--- MATERIAL SUPPLIED ---
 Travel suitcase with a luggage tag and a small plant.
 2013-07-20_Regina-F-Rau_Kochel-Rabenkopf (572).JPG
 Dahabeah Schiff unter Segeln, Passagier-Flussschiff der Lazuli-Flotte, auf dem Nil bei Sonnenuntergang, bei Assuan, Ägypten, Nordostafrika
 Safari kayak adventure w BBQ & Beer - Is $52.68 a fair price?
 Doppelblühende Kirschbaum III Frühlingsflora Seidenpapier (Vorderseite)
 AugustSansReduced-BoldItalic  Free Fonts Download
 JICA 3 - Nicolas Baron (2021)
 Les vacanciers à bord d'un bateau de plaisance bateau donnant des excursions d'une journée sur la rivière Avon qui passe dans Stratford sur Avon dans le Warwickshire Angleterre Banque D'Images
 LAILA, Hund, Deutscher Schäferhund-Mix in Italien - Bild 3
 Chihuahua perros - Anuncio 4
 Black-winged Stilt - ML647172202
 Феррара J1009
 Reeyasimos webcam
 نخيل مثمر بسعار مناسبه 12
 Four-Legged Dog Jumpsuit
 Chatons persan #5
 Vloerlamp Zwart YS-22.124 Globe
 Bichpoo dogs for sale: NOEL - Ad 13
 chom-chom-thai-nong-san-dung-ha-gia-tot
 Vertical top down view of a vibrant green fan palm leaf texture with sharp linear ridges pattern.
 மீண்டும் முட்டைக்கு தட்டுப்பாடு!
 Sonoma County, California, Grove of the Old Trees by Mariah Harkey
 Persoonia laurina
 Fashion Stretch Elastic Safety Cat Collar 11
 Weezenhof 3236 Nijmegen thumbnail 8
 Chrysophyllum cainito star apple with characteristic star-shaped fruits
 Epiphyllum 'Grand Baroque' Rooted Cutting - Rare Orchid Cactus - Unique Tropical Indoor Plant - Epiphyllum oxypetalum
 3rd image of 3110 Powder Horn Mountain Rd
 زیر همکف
---
TASK REQUIREMENTS: Would you please write out, exactly and with no other lines, the stretch of the listing above from the line containing "Black-winged Stilt - ML647172202" through the line containing "Vertical top down"?

OUTPUT OF THE TASK:
 Black-winged Stilt - ML647172202
 Феррара J1009
 Reeyasimos webcam
 نخيل مثمر بسعار مناسبه 12
 Four-Legged Dog Jumpsuit
 Chatons persan #5
 Vloerlamp Zwart YS-22.124 Globe
 Bichpoo dogs for sale: NOEL - Ad 13
 chom-chom-thai-nong-san-dung-ha-gia-tot
 Vertical top down view of a vibrant green fan palm leaf texture with sharp linear ridges pattern.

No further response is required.